» **Records contained in a dataset**
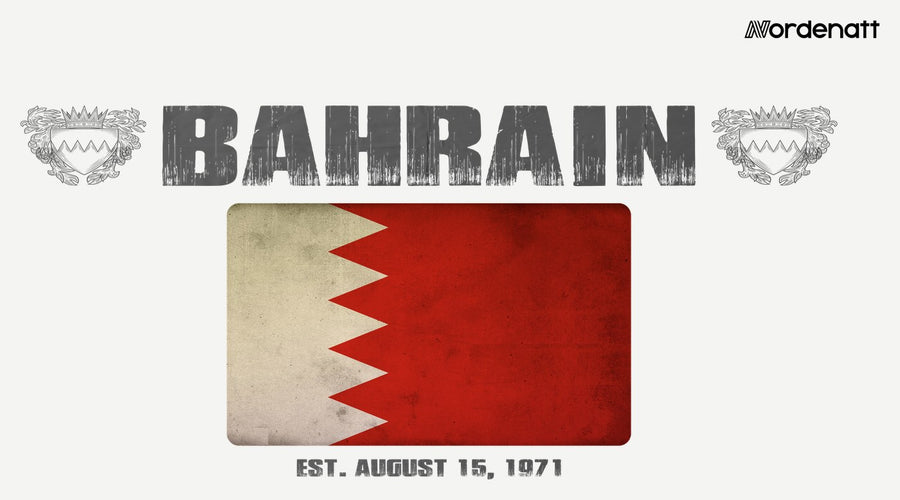 Bahrain design preview: flag, date and emblem inspiration printed on light t-shirts (Nordenatt)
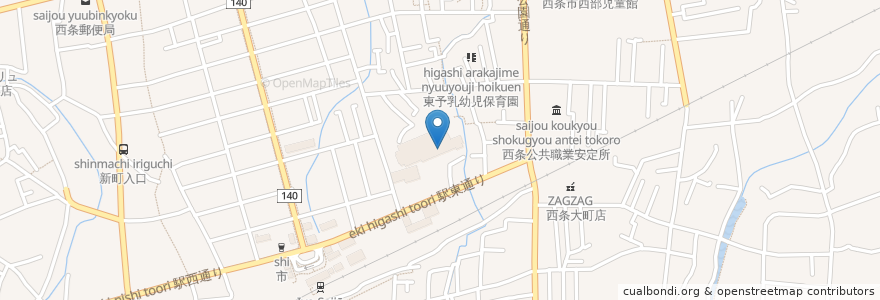 Mapa de ubicacion de 西条市在宅介護支援センター水都苑 en 日本, 愛媛県, 西条市.
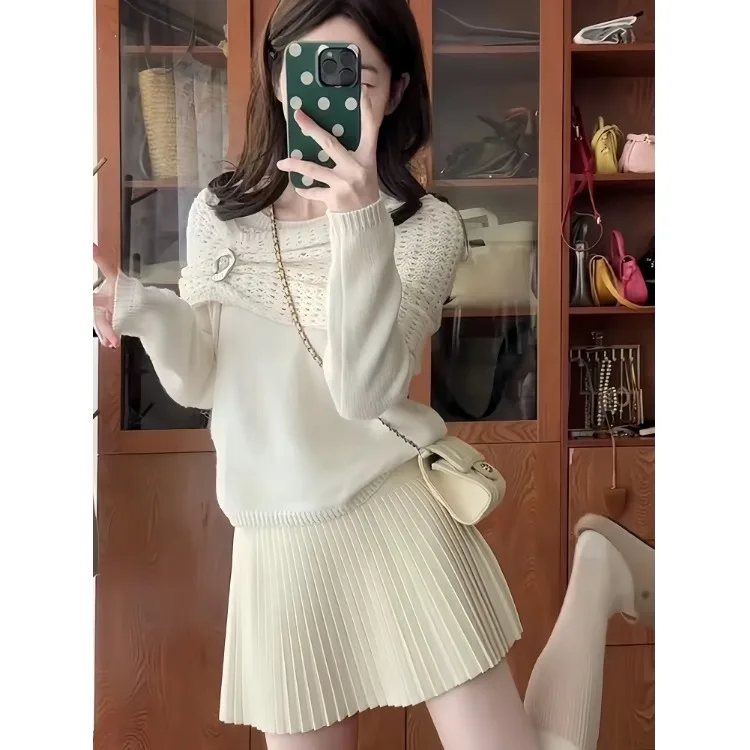 

Уникальный красивый вязаный комплект из свитера и юбки, стильный дизайн, весенняя мода, женская одежда, дышащий трикотаж средней плотности.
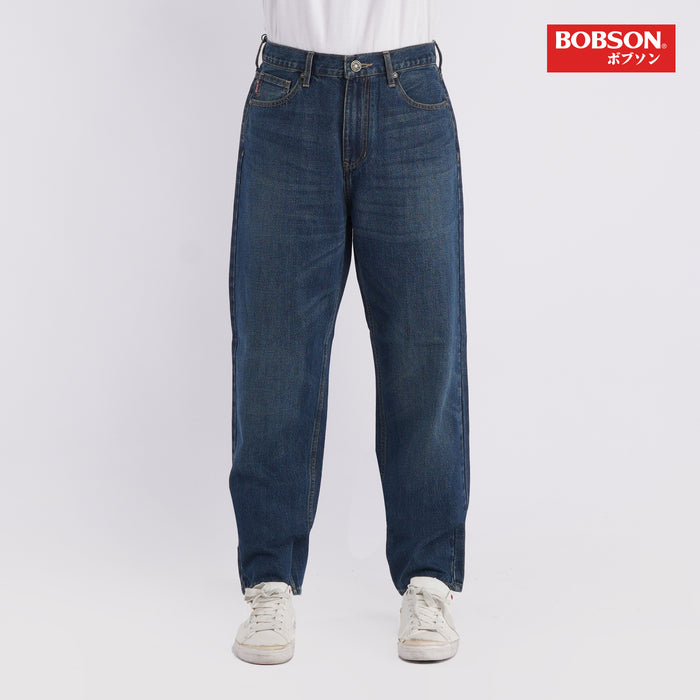 Bobson Japanese Men's Basic Denim Baggy Jeans for Men Mid Waist Trendy Fashion High Quality Apparel Comfortable Casual Pants for Men 141460 (Medium Shade)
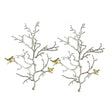 Metal Branch Wall Sculptures With Bird Accents (Set of 2) - Silver Multi - Furniture Home Direct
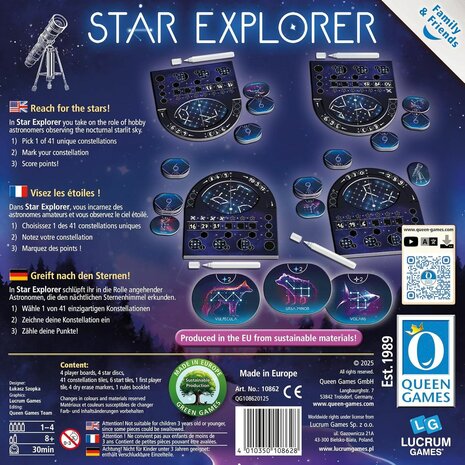 Star Explorer &ndash; Flip-and-write bordspel &ndash; Queen Games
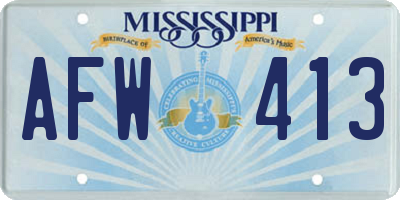 MS license plate AFW413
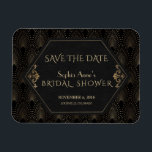 Íman Royal Fleur-de-lis Excelente Dourado Gatsby Chá de<br><div class="desc">Design de cartão Real, Romântico, Vintage apresentando um Excelente estilo de arte Gatsby, uma velha Hollywood de Roaring, de 1920, com folha de ouro falsa, cobertura Fleur-de-lis, divisor e fontes lindas, sobre um plano de fundo texturizado a preto. Use a ferramenta Personalizar para adicionar suas informações. Para mais, visite, por...</div>
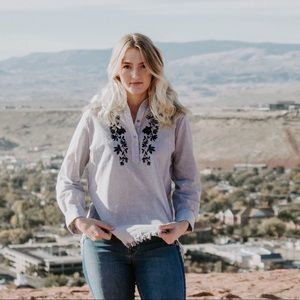 Blue Striped Button Up Top with Embroidery Detail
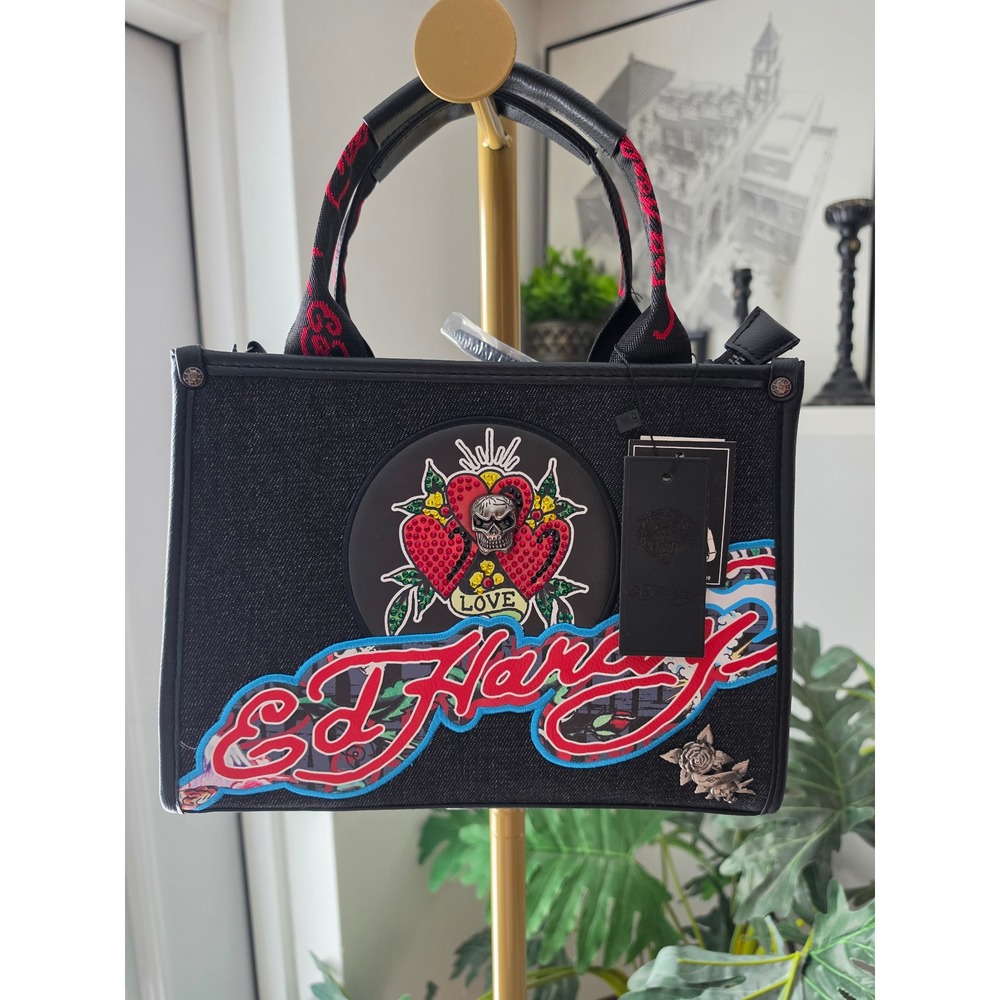 Ed Hardy Tattoo Print Denim Tote Bag Crossbody Skull Heart Black Red New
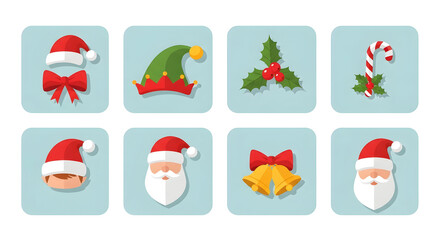 Christmas icon set with Santa hats elf hat candy cane and bells flat vector design for holiday season isolated on blue background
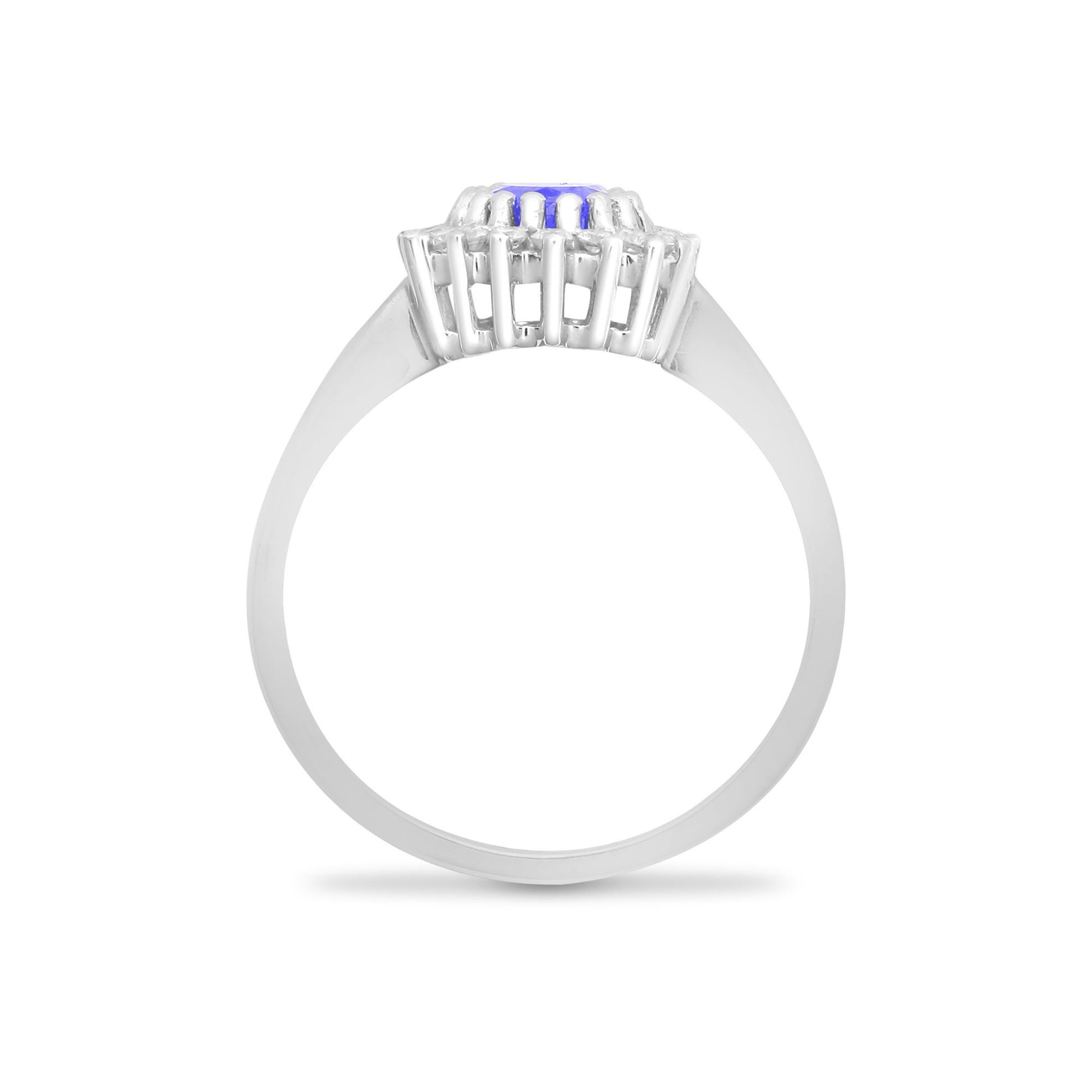 9ct White Gold  Diamond Tanzanite Classic Royal Cluster Ring 11mm - 9R433
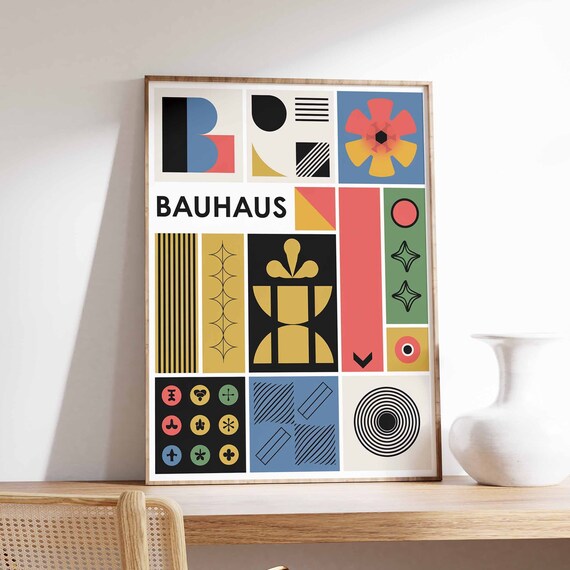 Bauhaus Poster Retro Bauhaus Print Modernist Wall Art Geometric Print Abstract Decor Mid Century Poster Modernist Art Minimalist Art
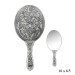 Gms 925 Sterling Silver Hand Mirror With Rose Pattern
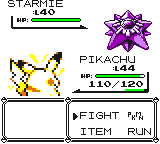A battle: an opposing Starmie at level 40 against the player's level 44 Pikachu with 110 of 120 HP, and the Fight and Item menu open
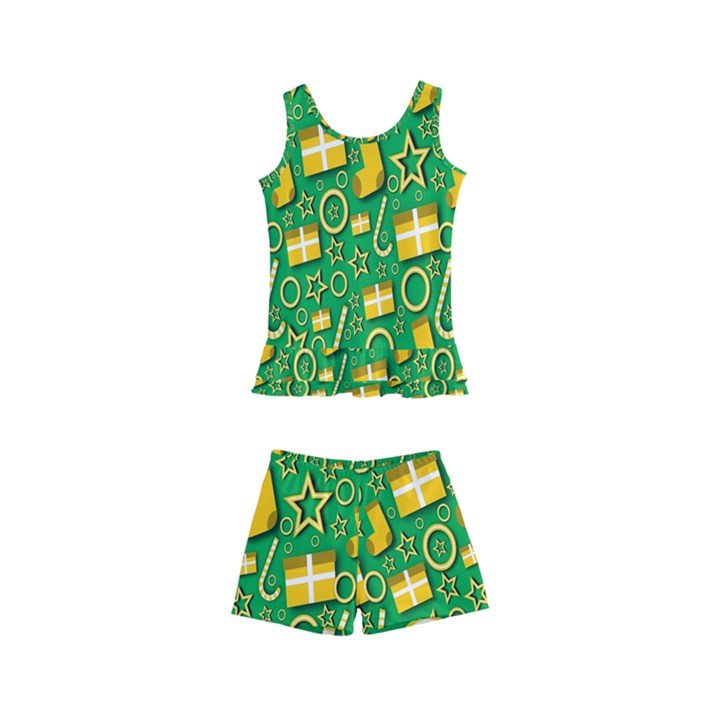 Pattern-cloth Paper Pattern Kids  Boyleg Swimsuit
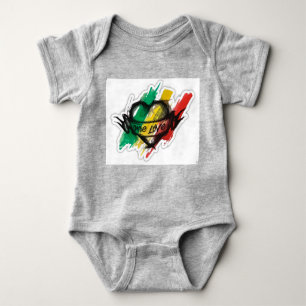 eine Liebe rasta Reggae Graffitiflagge Baby Strampler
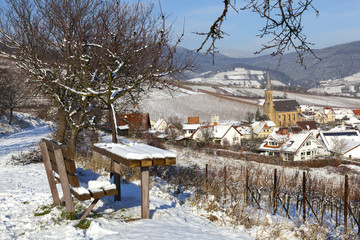 Weindorf Birkweiler im Winter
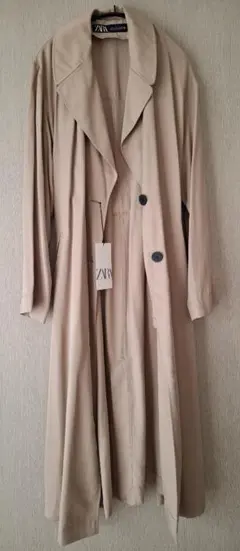 タグ付き新品★ZARAザラトレンチコートスプリングコート薄地★ベージュ★Sサイズ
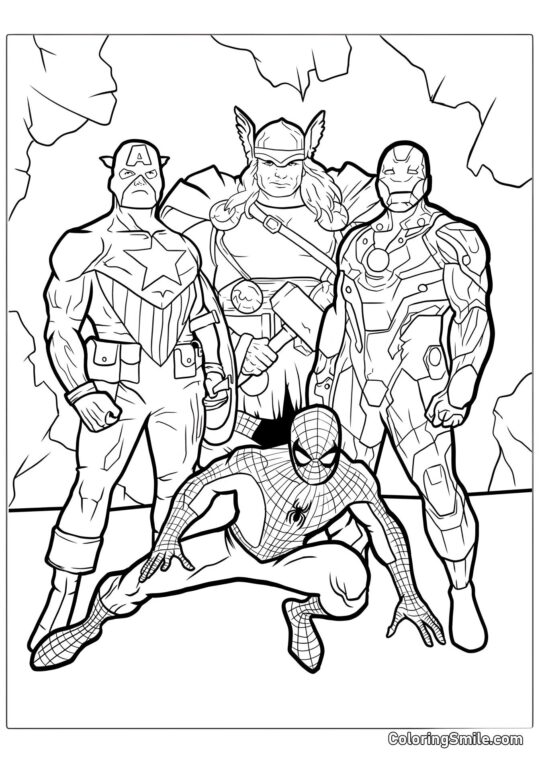 Spider-Man, Thor, Captain America et Iron Man - Page de Coloriage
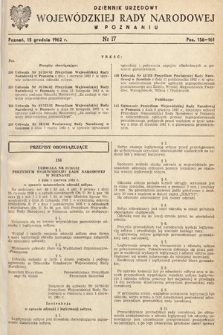 Dziennik Urzędowy Wojewódzkiej Rady Narodowej w Poznaniu. 1962, nr 17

» **Task to carry out**
The lines from the start of the data through the line that contains "A battle: an" are to be returned exactly, please, with both ends included and every picture left out.

» **Result of this task**
 Bahrain design preview: flag, date and emblem inspiration printed on light t-shirts (Nordenatt)
 Mapa de ubicacion de 西条市在宅介護支援センター水都苑 en 日本, 愛媛県, 西条市.

Уникальный красивый вязаный комплект из свитера и юбки, стильный дизайн, весенняя мода, женская одежда, дышащий трикотаж средней плотности.
 Bobson Japanese Men's Basic Denim Baggy Jeans for Men Mid Waist Trendy Fashion High Quality Apparel Comfortable Casual Pants for Men 141460 (Medium Shade)
 Metal Branch Wall Sculptures With Bird Accents (Set of 2) - Silver Multi - Furniture Home Direct
 Star Explorer &ndash; Flip-and-write bordspel &ndash; Queen Games
 MS license plate AFW413
 Íman Royal Fleur-de-lis Excelente Dourado Gatsby Chá de<br><div class="desc">Design de cartão Real, Romântico, Vintage apresentando um Excelente estilo de arte Gatsby, uma velha Hollywood de Roaring, de 1920, com folha de ouro falsa, cobertura Fleur-de-lis, divisor e fontes lindas, sobre um plano de fundo texturizado a preto. Use a ferramenta Personalizar para adicionar suas informações. Para mais, visite, por...</div>
 Blue Striped Button Up Top with Embroidery Detail
 Ed Hardy Tattoo Print Denim Tote Bag Crossbody Skull Heart Black Red New
 Christmas icon set with Santa hats elf hat candy cane and bells flat vector design for holiday season isolated on blue background
 9ct White Gold  Diamond Tanzanite Classic Royal Cluster Ring 11mm - 9R433
 Bauhaus Poster Retro Bauhaus Print Modernist Wall Art Geometric Print Abstract Decor Mid Century Poster Modernist Art Minimalist Art
 Gms 925 Sterling Silver Hand Mirror With Rose Pattern
A battle: an opposing Starmie at level 40 against the player's level 44 Pikachu with 110 of 120 HP, and the Fight and Item menu open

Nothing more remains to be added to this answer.